A human-first mobile experience turns traditional marketing processes on its head. Instead of designing apps and other experiences around the messages marketers want to push, human-first experiences are architected from the ground up around the needs and/or preferences of individual users—regardless of when, where, why and how they engage with your business.

Martin Chow, VP of consumer apps marketing at Google, is credited with inventing the term “human-first mobile experiences.”

The term may be recent, but the goal of human centered design is not. Long before the invention of the Internet, usability, customer satisfaction and customer-centric user experiences were essential to product designers. With the advent of the Internet, these goals were critical in the design process of websites, mobile apps, etc.

And so, the role of the UX designer was born. Over the years, the art of UX design has advanced dramatically, thanks to rigorous user research, usability testing, and a hyperfocus on user goals. Today, nearly every digital experience begins with the construction of wireframes that ensure that, at their core, mobile apps and other forms of digital engagement “think” like humans and meet human needs.

Now, the demand for usability, customer satisfaction and a customer-centric design process have crossed the barrier from the product design to marketing.

“With so much data today, it’s easy for marketers to become controlled by the numbers and slowly distanced from the human beings behind the data,” Chow told Adweek. “Data-driven insights are critical, but great marketing always pairs deep consumer empathy with a deep understanding of the lens your brand uniquely brings to storytelling.”

The concept of human-first user experiences grows out of a number of key digital-driven trends that have transformed not just mobile marketing but all kinds of human-digital interactions, including: 1) seamless connected experiences across channels; 2) authentic personalized experiences at scale; and 3) intuitive user interfaces that “think” like real humans.

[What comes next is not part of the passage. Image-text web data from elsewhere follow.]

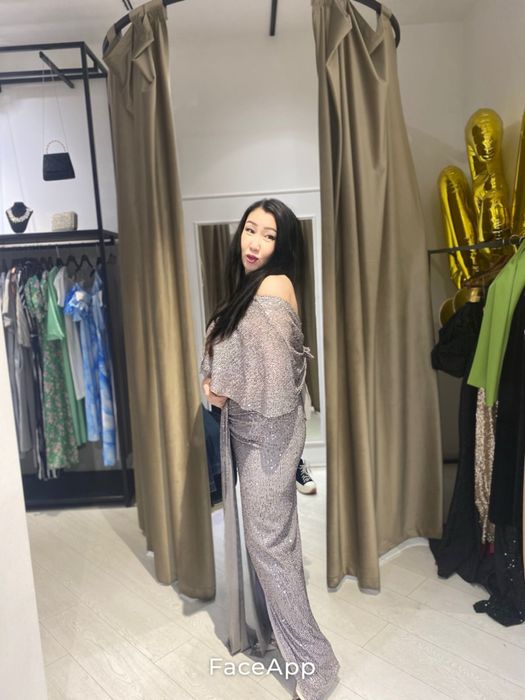 Платье серебристое Нарядное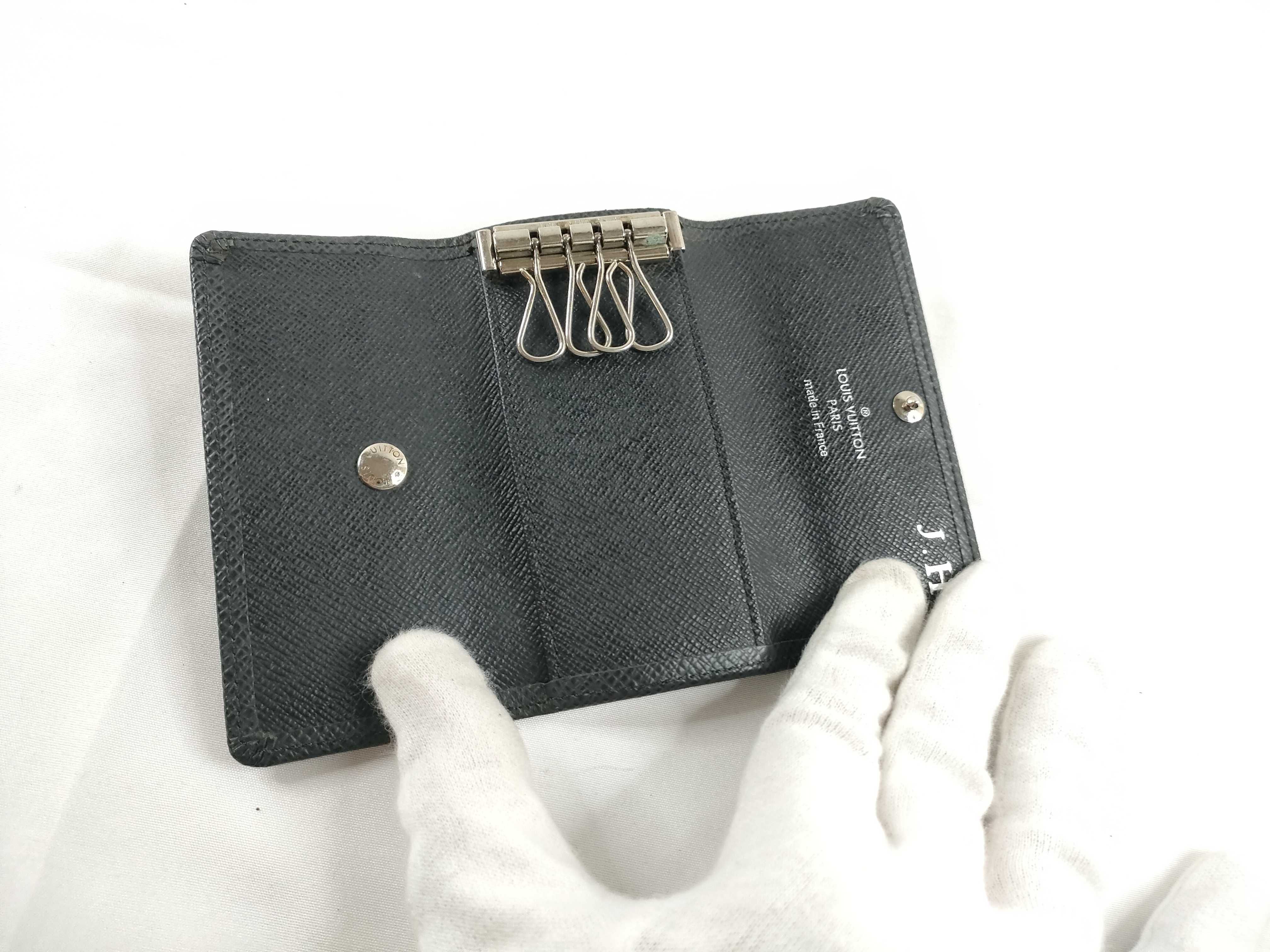 Taiga Leather Key Case/Keychain (Black) — view 8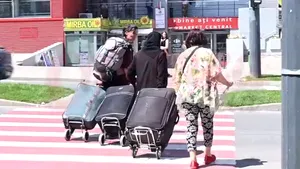 Două măicuţe au provocat scandal în Vaslui, după ce au agresat o femeie cu un copil şi au împins un bărbat pe şinele de tren/ Politişti fac cercetări | VIDEO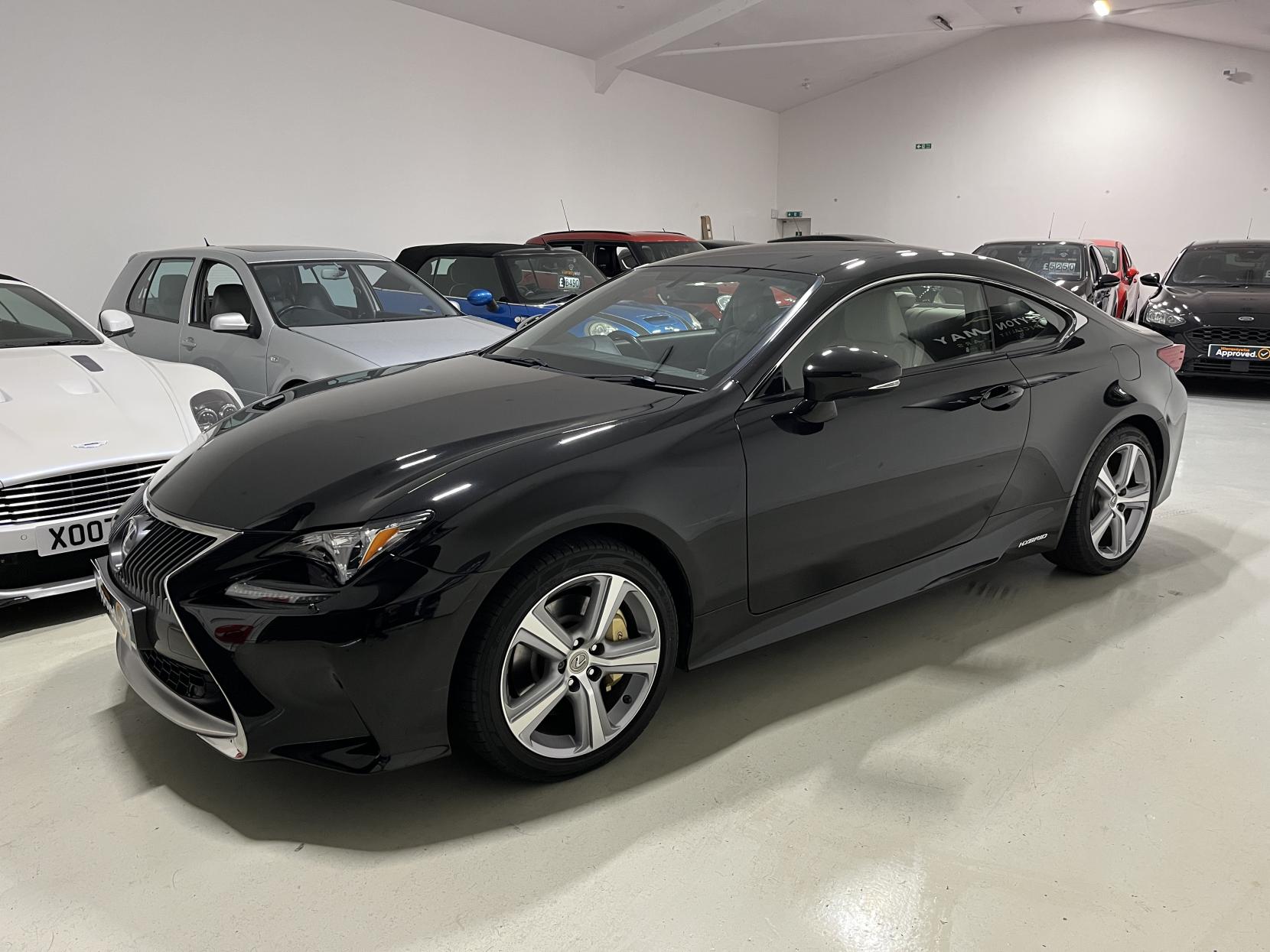 Lexus RC 2.5 300h Luxury Coupe 2dr Petrol Hybrid CVT Euro 6 (s/s) (223 ps)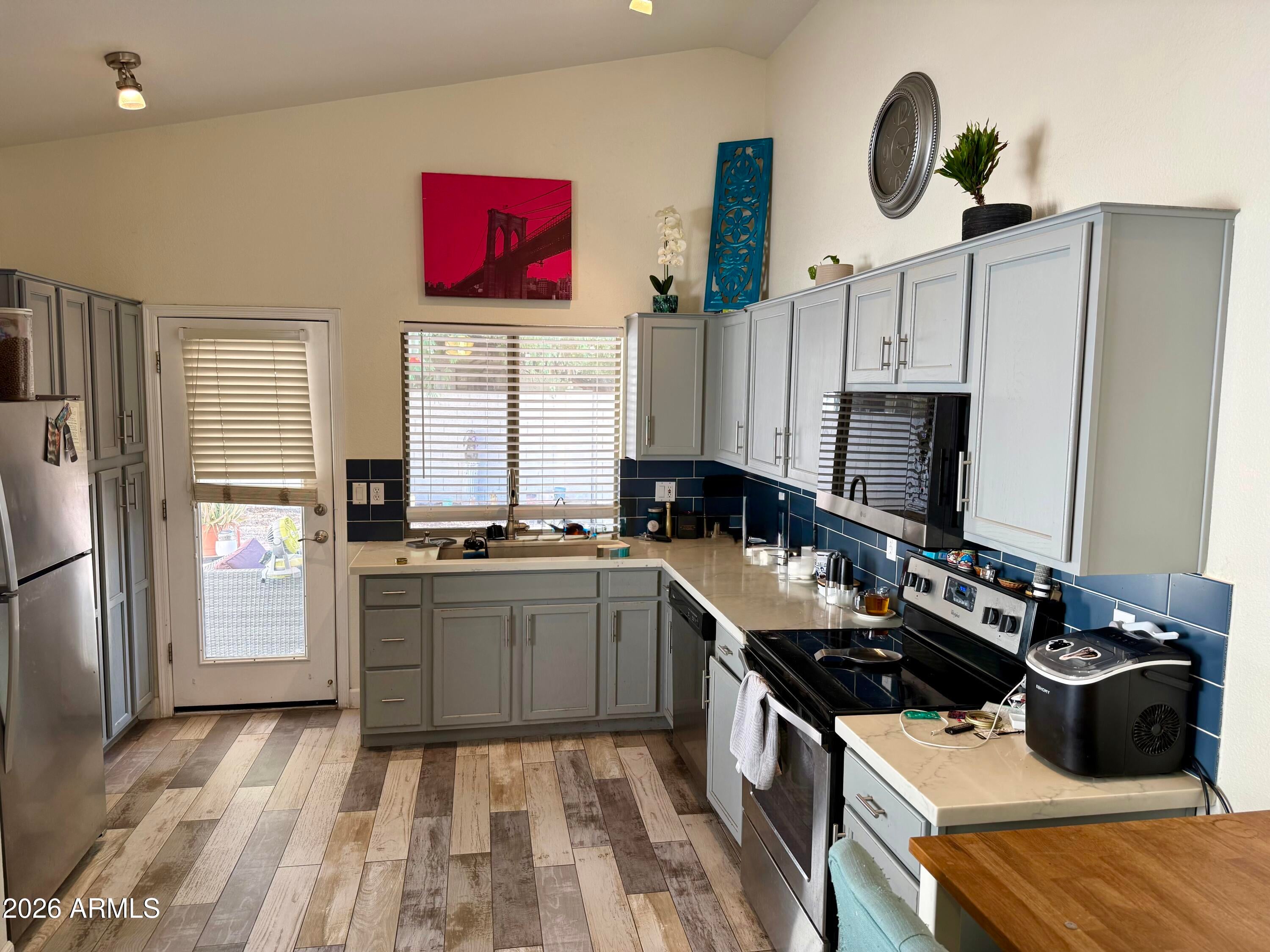 Properties 2 599 W COLT Road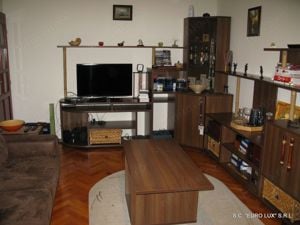 Apartament 2 camere amenajat - Podgoria - Zona Maiakowski - imagine 9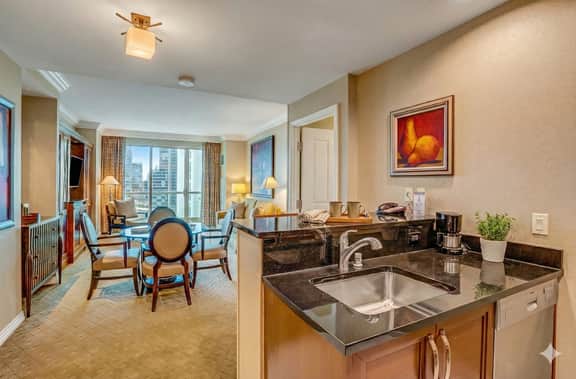 32nd Flr MGM Signature 1Bed| Mtn View| No Fee - Image 2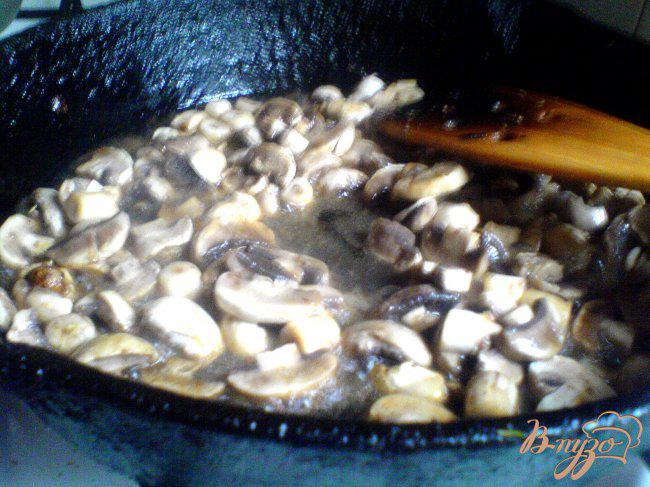 Фото приготовление рецепта: Тёплый салат с курицей и грибами шаг №3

However, the human-first paradigm goes one step further. Rather than exploiting these technologies to force their message onto consumers, human-first marketers harness these technologies to deliver helpful, pleasant and otherwise compelling experiences. When designing such experiences, consider some of the key principles of human-first interactions:

  • Be of use. Offer what some refer to as “return on engagement.” That is, try to deliver content that enhances customers’ lives in some way, whether or not they make a purchase.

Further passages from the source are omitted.